Various reviewers, including the NY Times Book Review, have compared this novel to Jane Austen, but although Austen’s books may at times generalize like this about their female characters, those passages are balanced by their rich inner lives, opened to us in intimate detail on the page. Especially in Mansfield Park (to my mind her masterpiece), Austen goes out of her way to show that the personas of her young ladies – lively or prim, social or timid – are just that: personas, masks behind which their real selves strain and contort. In her novels, the complex and often contradictory desires of her women – for money, for sex, for friendship – animate them. Clarke, on the other hand, hopes to animate Arabella by simply showing us the scrim of her social graces.

And the trend continues throughout the book. One of the weirdest scenes comes shortly after Strange returns from the war, and he tells Arabella to sit down so he can look at her. After he stares at her for a time, she says, “I am sorry to disappoint you, but you never did look at me so very often. You always had your nose in some dusty old book.” The two laugh off this line as an affectionate joke, but it gives me pause. Is Arabella resentful of the distance between her husband and herself? Or does she appreciate the privacy it affords her? I don’t think Clarke needs an extensive close third-person with Arabella, because that might take over the book. But I would argue it should be possible to glean an answer to this basic question through the subtext of her actions and dialogue in the many scenes where she appears.

And the ending of the book is the weirdest part of all. Strange, having used his magic to return Arabella to the mortal world, now retreats into the Darkness he has conjured. Here’s how Clarke writes it:

“She did not offer to go into the Darkness with him and he did not ask her.

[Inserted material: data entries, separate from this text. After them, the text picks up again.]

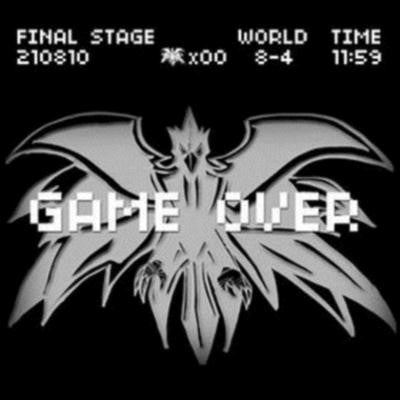 Final Stage : Game Over (CD, Album)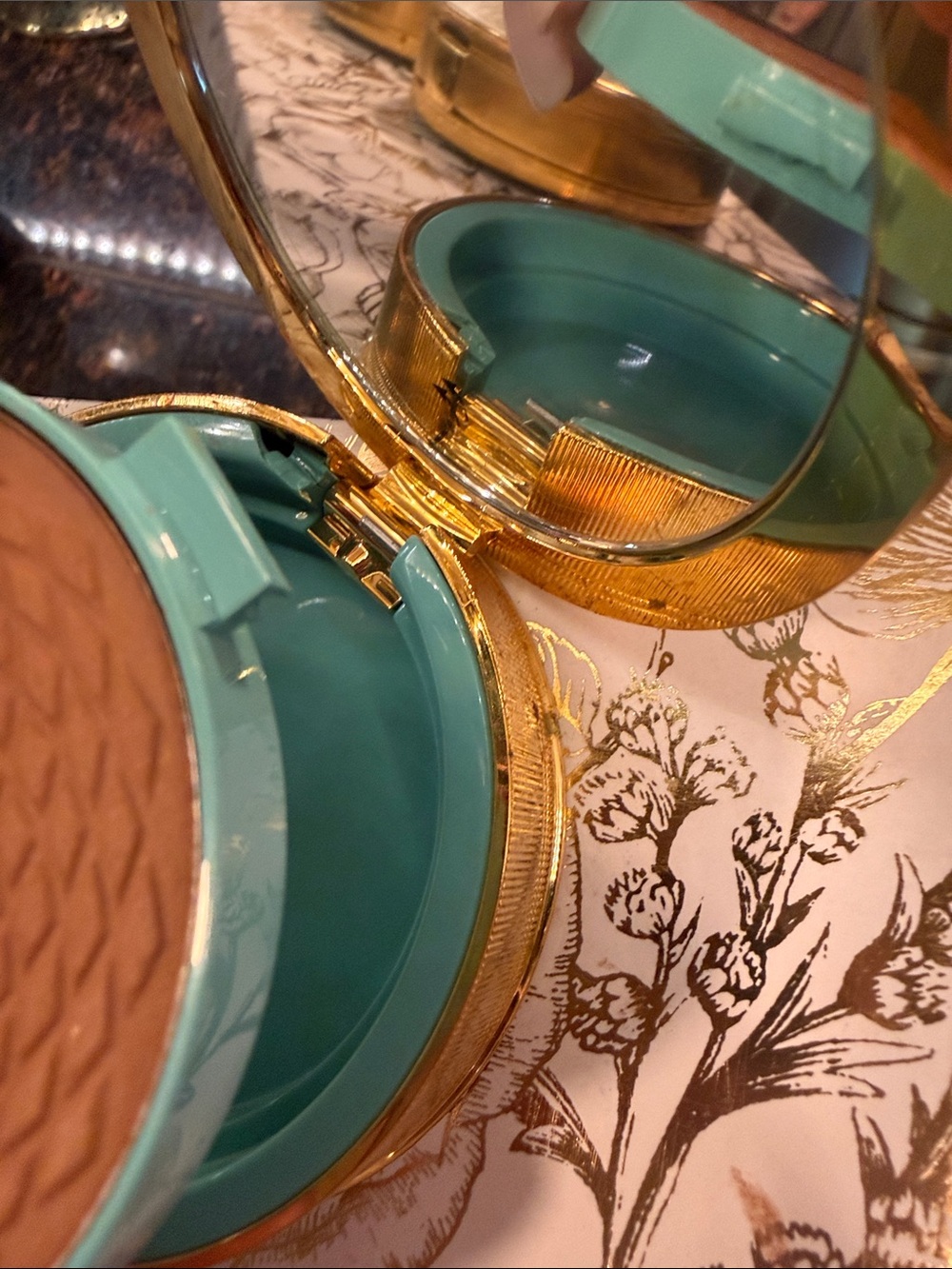 Gucci Poudre De Beauté Éclat Soleil Bronzing Powder #3 - Picture 6 of 7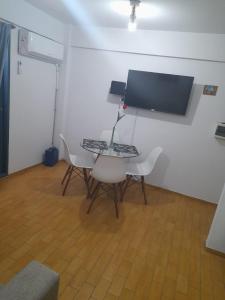 alquiler temporario en Córdoba Capital, excelente ubicación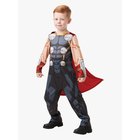 Marvel Avengers Naamiaisasu Thor, 7-8 vuotta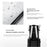 XIAOMI MIJIA 23L Casual Backpack Roll Top Design Multi Compartment Waterproof Polyester Daypack (Chinese Version) - Grey - 4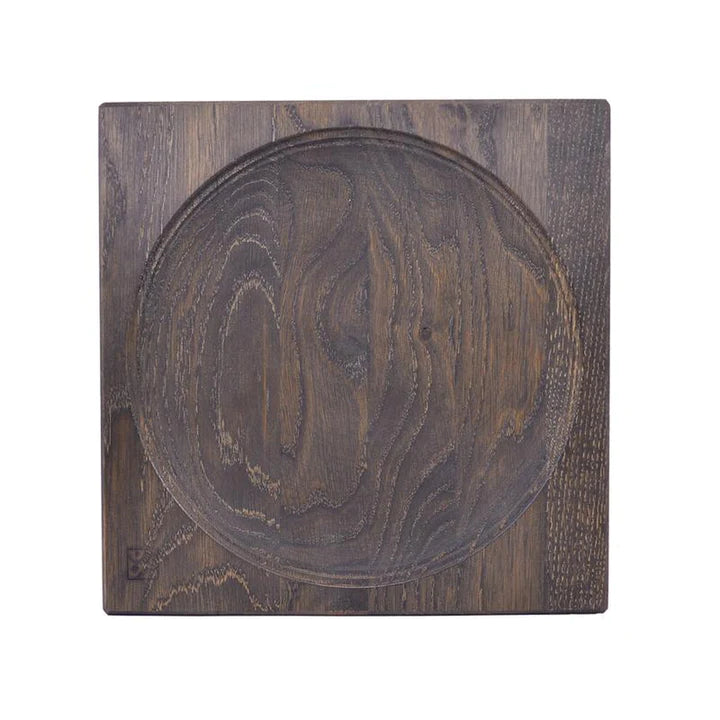 oak black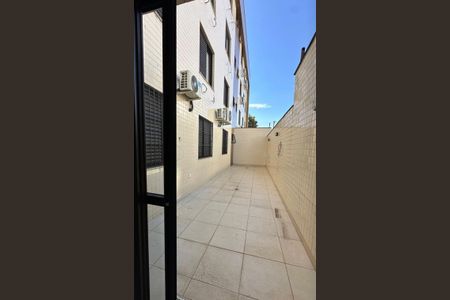 Apartamento à venda com 4 quartos, 100m² em Pampulha, Belo Horizonte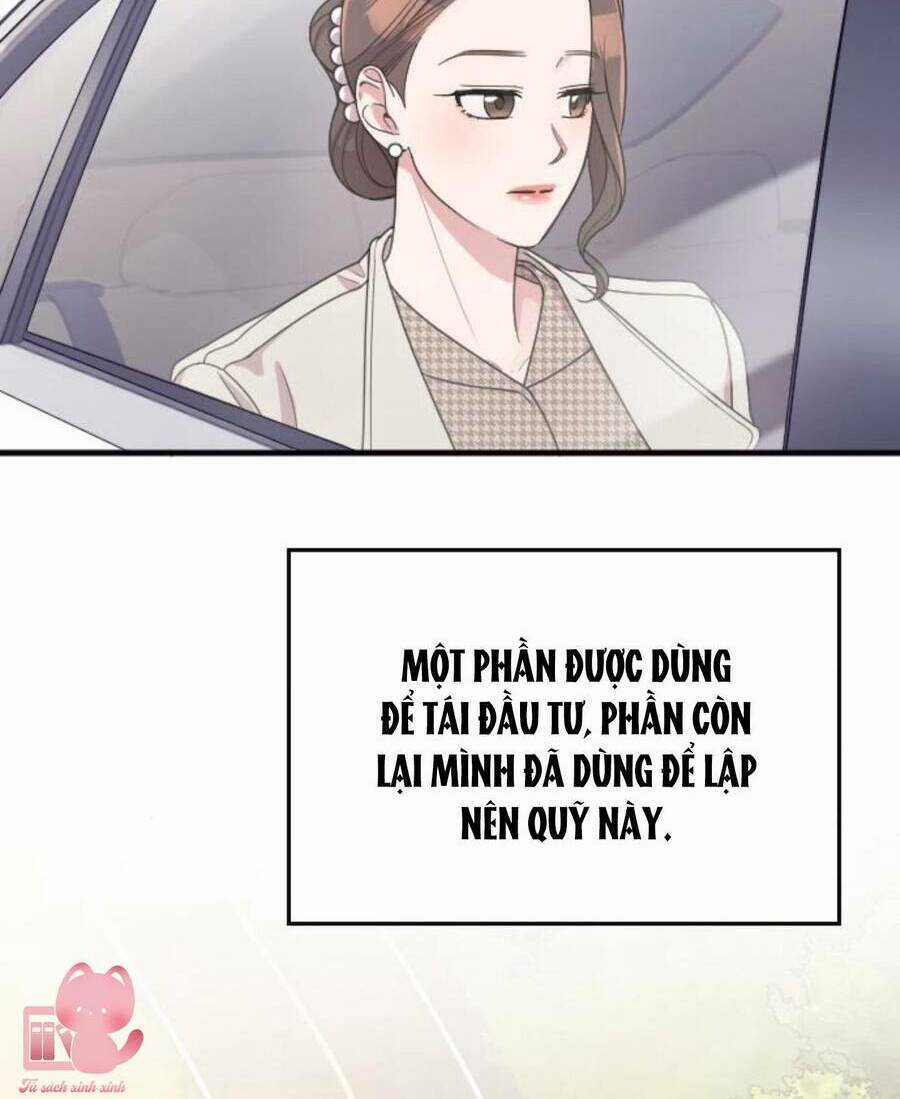 Cô Đi Mà Lấy Chồng Tôi Đi Chapter 68 trang 12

‘One day,’ he said, ‘I shall find the right spell and banish the Darkness. And on that day I will come to you.’
‘Yes. On that day. I will wait until then,’” Arabella replies.

My response to this is, “What. The. Hell.” It’s one thing for the two characters to realize they inhabit different worlds and part ways – that’s how I would have ended this. (A la Wendy and Peter Pan.) But if the Stranges’ passion is such that it can survive years of separation, why is it not strong enough to coax Arabella into the Darkness? Isn’t the Darkness a part of Jonathan, after all? There are possible explanations, of course, but none of them are offered here; instead, Clarke ends this scene on a bizarre rom-com note, with Arabella asking, “How shall I think of you?” and Strange answering, “Think of me with my nose in a book!” In other words, When we’re apart and you’re waiting faithfully for me, think of all the times we were together and I completely ignored you! Arabella’s response, of course, is to kiss him (one of the few examples of anything remotely sexual in the novel).  Huh?

In my opinion, Clarke never did the hard work of figuring out who Arabella is and what she wants. Instead, she uses the character as a device, a McGuffin to push Strange through the plot. And that's cheating. I wouldn’t recommend it for a book title, but would it have killed her to spend a little more time thinking about the magician’s wife?